On Mon, Oct 3, 2016 at 3:58 PM, Sanne Grinovero <sanne(a)infinispan.org> wrote:
I've not looked at any such details but I always assumed that
since the
logger frameworks (any of them) need to be able to change the logging level,
there must be some way of switching state - at least a volatile read?
And while that could be very cheap, I doubt it would be as easily optimised
as a constant.
True, at some point you need a volatile read -- you can only avoid
that by caching isTraceEnabled(), like we do in Infinispan.
My point was related to this assembly instruction, which reads the
ordinal of Level.TRACE:
0x00007f93951e9fdf: mov rdi,0x76d4e6d48 ; {oop(a
'org/jboss/logging/Logger$Level')}
0x00007f93951e9fe9: mov ebp << missing an operand here >>; -
java.lang.Enum::ordinal@1 (line 103)
; -
org.jboss.logging.JBossLogManagerLogger::translate@8 (line 58)
; -
org.jboss.logging.JBossLogManagerLogger::isEnabled@5 (line 35)
; - org.jboss.logging.Logger::tracef@4 (line 287)
; - org.infinispan.MyBenchmark::tracef@7 (line 26)
; -
org.infinispan.generated.MyBenchmark_tracef_jmhTest::tracef_thrpt_jmhStub@15
(line 113)
In an ideal world, the JIT would replace translate(Level.TRACE) with a
constant.

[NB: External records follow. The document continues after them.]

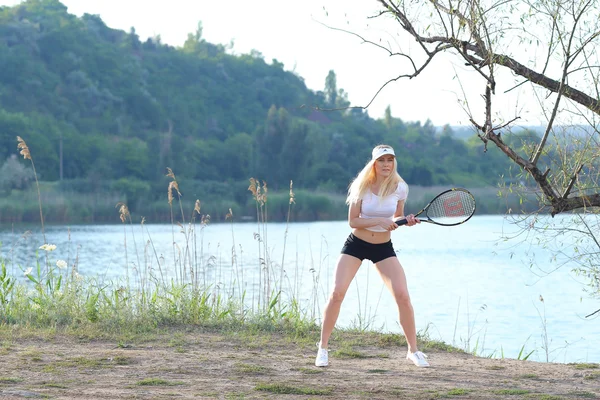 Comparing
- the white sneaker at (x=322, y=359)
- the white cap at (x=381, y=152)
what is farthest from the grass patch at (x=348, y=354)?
the white cap at (x=381, y=152)

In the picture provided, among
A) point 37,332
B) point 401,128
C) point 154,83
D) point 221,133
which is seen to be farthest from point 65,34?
point 37,332

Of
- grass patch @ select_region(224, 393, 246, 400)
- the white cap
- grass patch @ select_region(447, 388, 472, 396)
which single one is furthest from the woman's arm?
grass patch @ select_region(224, 393, 246, 400)

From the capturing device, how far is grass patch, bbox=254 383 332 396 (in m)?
5.52

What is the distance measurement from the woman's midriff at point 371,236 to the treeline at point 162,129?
142ft

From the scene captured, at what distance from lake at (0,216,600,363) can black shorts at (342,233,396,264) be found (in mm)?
1505

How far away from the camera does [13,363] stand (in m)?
6.43

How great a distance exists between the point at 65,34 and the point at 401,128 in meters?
38.3

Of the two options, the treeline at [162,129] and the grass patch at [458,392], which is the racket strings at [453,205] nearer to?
the grass patch at [458,392]

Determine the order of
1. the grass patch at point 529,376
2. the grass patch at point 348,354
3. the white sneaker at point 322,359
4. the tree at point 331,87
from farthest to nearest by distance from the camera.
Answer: the tree at point 331,87 < the grass patch at point 348,354 < the white sneaker at point 322,359 < the grass patch at point 529,376

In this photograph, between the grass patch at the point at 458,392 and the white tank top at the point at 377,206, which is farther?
the white tank top at the point at 377,206

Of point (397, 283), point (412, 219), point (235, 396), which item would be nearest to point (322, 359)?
point (397, 283)

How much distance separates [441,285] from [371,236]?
15565 millimetres

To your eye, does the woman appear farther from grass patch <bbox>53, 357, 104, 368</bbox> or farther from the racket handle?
grass patch <bbox>53, 357, 104, 368</bbox>

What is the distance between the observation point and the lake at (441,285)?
11.7 metres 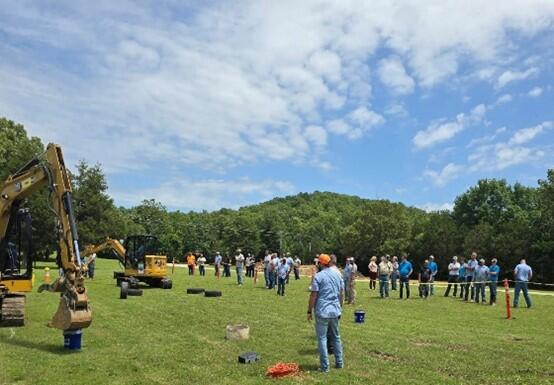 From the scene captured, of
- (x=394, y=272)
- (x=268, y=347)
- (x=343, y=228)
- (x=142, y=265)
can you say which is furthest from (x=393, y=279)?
(x=343, y=228)

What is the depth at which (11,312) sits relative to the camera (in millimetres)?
15375

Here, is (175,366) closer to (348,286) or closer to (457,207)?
(348,286)

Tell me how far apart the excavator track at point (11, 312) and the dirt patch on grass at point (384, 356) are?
31.8 ft

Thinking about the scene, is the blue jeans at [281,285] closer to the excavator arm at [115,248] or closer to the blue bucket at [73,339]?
the excavator arm at [115,248]

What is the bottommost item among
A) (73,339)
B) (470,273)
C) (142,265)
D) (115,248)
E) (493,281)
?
(73,339)

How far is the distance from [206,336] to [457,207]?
85.1m

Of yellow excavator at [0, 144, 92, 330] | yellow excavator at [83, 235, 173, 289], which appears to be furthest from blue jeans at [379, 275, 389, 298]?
yellow excavator at [0, 144, 92, 330]

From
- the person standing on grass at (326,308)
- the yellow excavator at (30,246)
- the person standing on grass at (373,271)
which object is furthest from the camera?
the person standing on grass at (373,271)

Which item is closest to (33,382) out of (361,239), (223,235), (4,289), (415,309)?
(4,289)

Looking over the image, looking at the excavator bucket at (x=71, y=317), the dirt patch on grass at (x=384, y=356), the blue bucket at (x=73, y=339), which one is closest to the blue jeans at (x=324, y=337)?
the dirt patch on grass at (x=384, y=356)

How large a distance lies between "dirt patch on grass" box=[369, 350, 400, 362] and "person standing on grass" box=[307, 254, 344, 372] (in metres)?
1.45

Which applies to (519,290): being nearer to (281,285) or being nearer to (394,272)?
(394,272)

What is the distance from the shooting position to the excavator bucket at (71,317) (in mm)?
12125

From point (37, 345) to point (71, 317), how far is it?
1.55 m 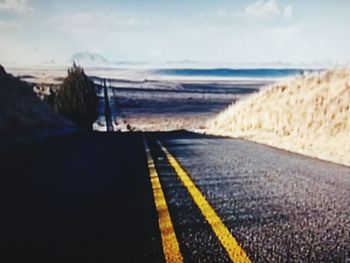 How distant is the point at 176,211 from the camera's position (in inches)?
160

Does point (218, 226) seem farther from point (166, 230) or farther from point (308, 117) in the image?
point (308, 117)

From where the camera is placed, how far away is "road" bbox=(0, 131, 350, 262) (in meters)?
3.03

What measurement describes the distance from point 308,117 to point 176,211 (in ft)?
32.3

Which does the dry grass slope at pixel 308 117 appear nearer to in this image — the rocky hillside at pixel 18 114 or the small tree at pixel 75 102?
the rocky hillside at pixel 18 114

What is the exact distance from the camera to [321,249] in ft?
9.96

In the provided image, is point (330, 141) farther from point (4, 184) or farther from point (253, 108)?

But here, even though `0x76d4e6d48` is clearly a constant,
the ordinal is still loaded and checked every time.
Since we might not be interested only in the logger method to be
inlined, we
also want most of the client methods to be considered for inlining.. some of
these can be extremely sensitive so such a decision requires a full
Infinispan performance test rather than a microbenchmark. (which is useful
too but more for the sake of optimising JBoss Logging, not to proof if it's
OK to switch all of Infinispan 's internal conventions)
Based on the testing both myself and Radim did WRT inlining, it
doesn't make a huge difference. But I agree 100% that before removing
the isTraceEnabled() caching we'd have to benchmark the whole of
Infinispan, and not just JBoss Logging in isolation.
Cheers
Dan
On Mon, 3 Oct 2016, 13:45 Sebastian Laskawiec, <slaskawi(a)redhat.com> wrote:
>
> Awesome Dan! May I ask for a Pull Request:
>
https://github.com/slaskawi/jboss-logging-perf-test?
>
>
>
> On Mon, Oct 3, 2016 at 2:40 PM, Dan Berindei <dan.berindei(a)gmail.com>
> wrote:
>>
>> Hi Sebastian
>>
>> I modified your benchmark so that the logger and the trace field are
>> static final and looked at the generated assembly with JITWatch [1].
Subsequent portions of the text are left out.